10.13.2014

Following Your Heart is Hard Work

Work is a very individual act. How we define it, how we quantify it, how we give it meaning, how we value it; these are all important perspectives in the discussion of work.  In a family who works, at their jobs, in their free time, out of necessity, for fun, to busy our hands and quiet our minds, for the joy of accomplishment, because it is what we do. Work is also the topic of many of our discussions. We discuss simple things like our latest project or progress as well as the very definition of what we want our everyday work to be. How will it shape our lives into that of something meaningful? How will our children view our work, our life’s accomplishments, what will it mean to them and all those who come after? Does it really make a difference? Is it all worth it?

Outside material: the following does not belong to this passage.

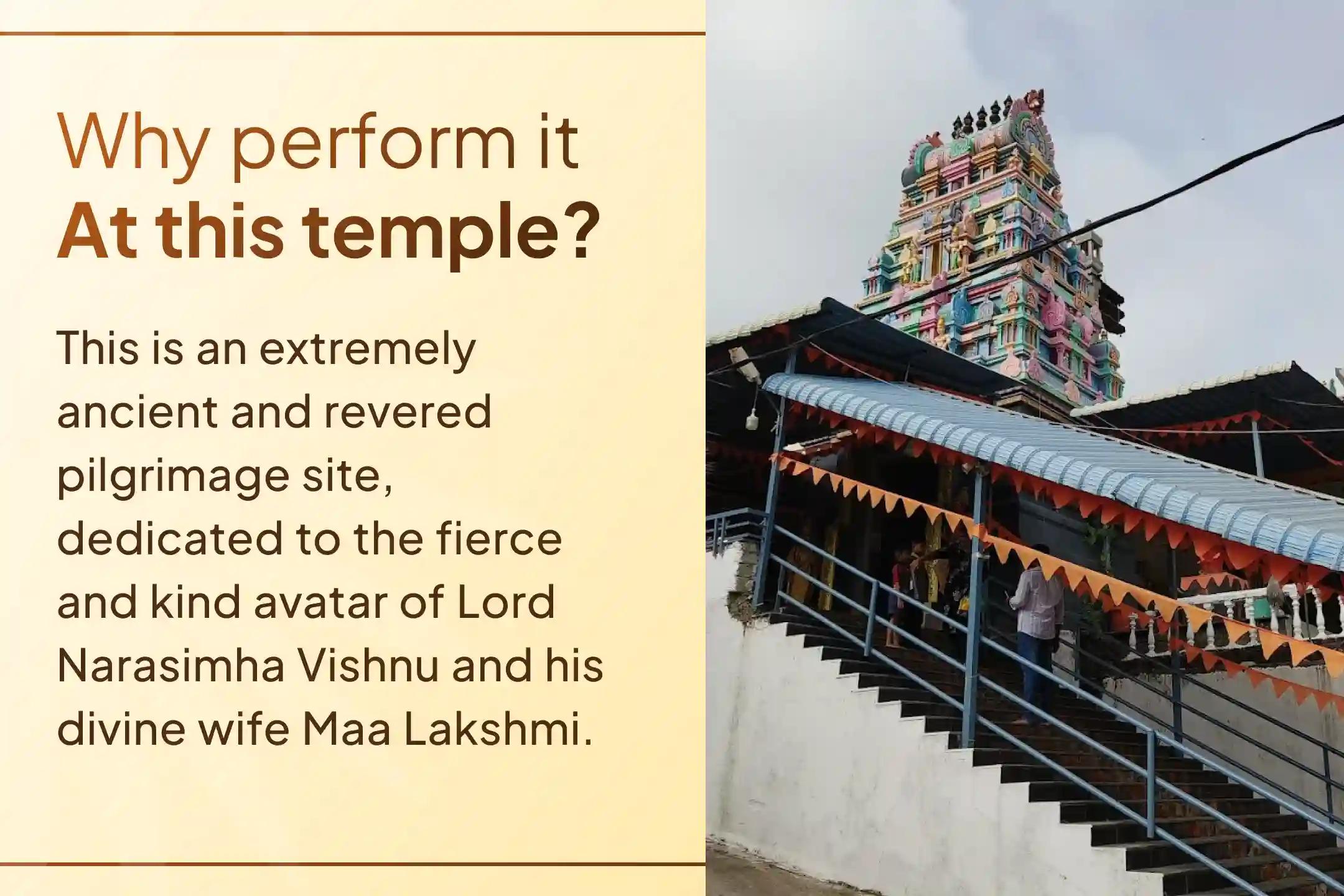 🦁 Receive Bhagwan Narasimha's protection and Maa Lakshmi's prosperity through this sacred Ekadashi worship.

Is it all worth it? That is the one I ask myself on a nearly daily basis. My work requires hard labor sometimes, heartbreaking losses sometimes, repetitive monotony sometimes, big risks sometimes, financial hardships sometimes, and love always.

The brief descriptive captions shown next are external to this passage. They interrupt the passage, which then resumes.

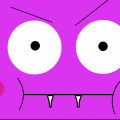 'be scared'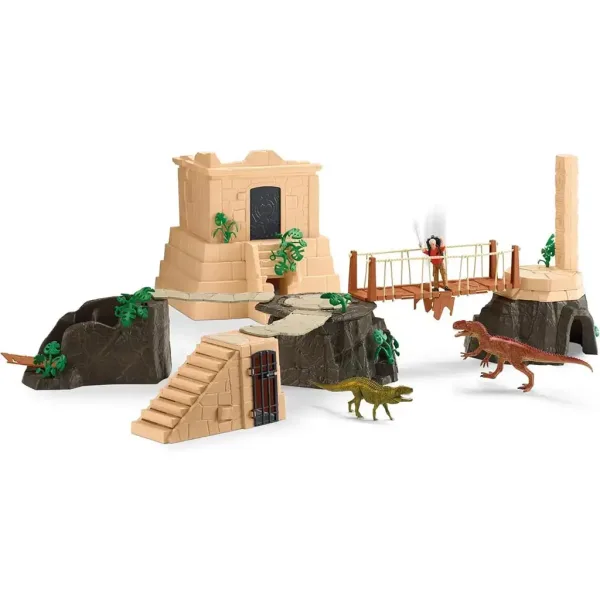 Schleich: Set di sconfitta del Tempio dei Dinosauri (42656) immagine 3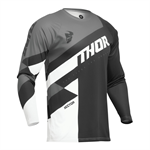 Thor MX/Thor Mx-dres Sector Checker  Black/Grey 2024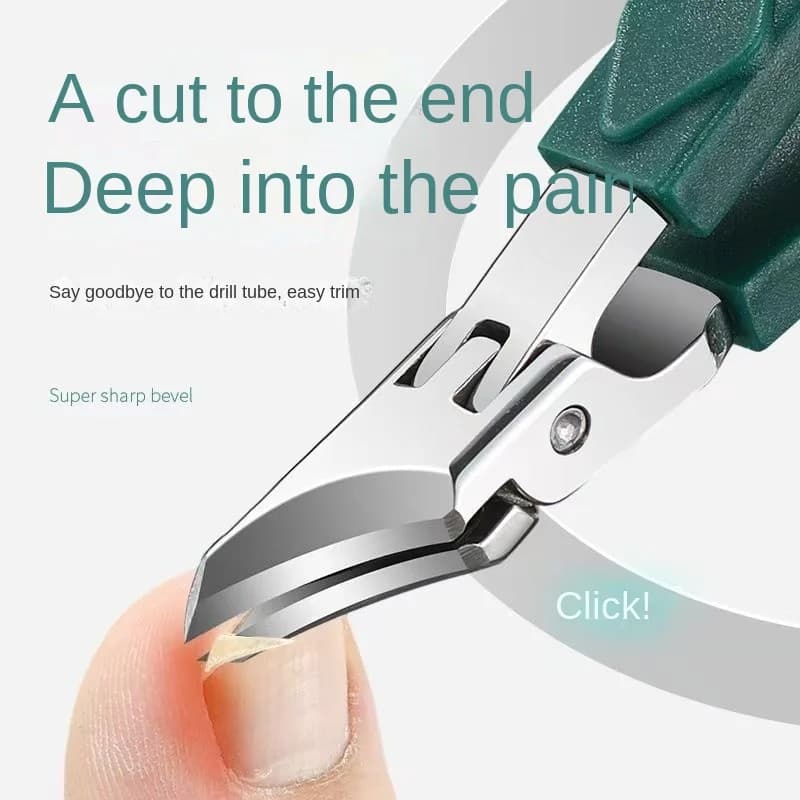 stainless steel toenail clipper for ingrown nails — image 5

I put my heart into everything I do. Most days it feels good.

There is a creativity to all of it whether its figuring out just the right combination of essential oils for a bath scrub, designing store fixtures out of stuff we already have, using what’s in the pantry to get dinner on the table, or finding solutions to keep our animals safe and healthy.

Sometimes the creativity is what drives me and challenges me; sometimes the creativity is what threatens me and makes me feel the most vulnerable. 

People talk about working in the flow, a place where things come together and move forward with ease. I think I feel this in many aspects of my work, but it is still work. Hard work. Hard because I have to feel that what I’m doing is the right thing, the thing that’s gonna take me somewhere, somewhere I’ll be glad to have gone. Hard because sometimes, it’s just physically hard work. Hard because someone is gonna be critical and say it doesn’t matter, and I have to know it does.

I was talking with a friend recently about how hard it is to put out into the world something with a piece of your heart in it. I told her how much I struggle with feeling so vulnerable and anxious. She said to let those feelings drive you. Feel them. She said what I’ve heard other creatives and entrepreneurs say, feel those feelings and let them push you to do your best. Even suggesting that the times when she didn’t feel the nervousness and anxiousness, she didn’t perform as well.

Work is hard, life is hard, but the more heart I give it, the more it means, the more it is worth, the more love and feeling and happiness and goodness it is.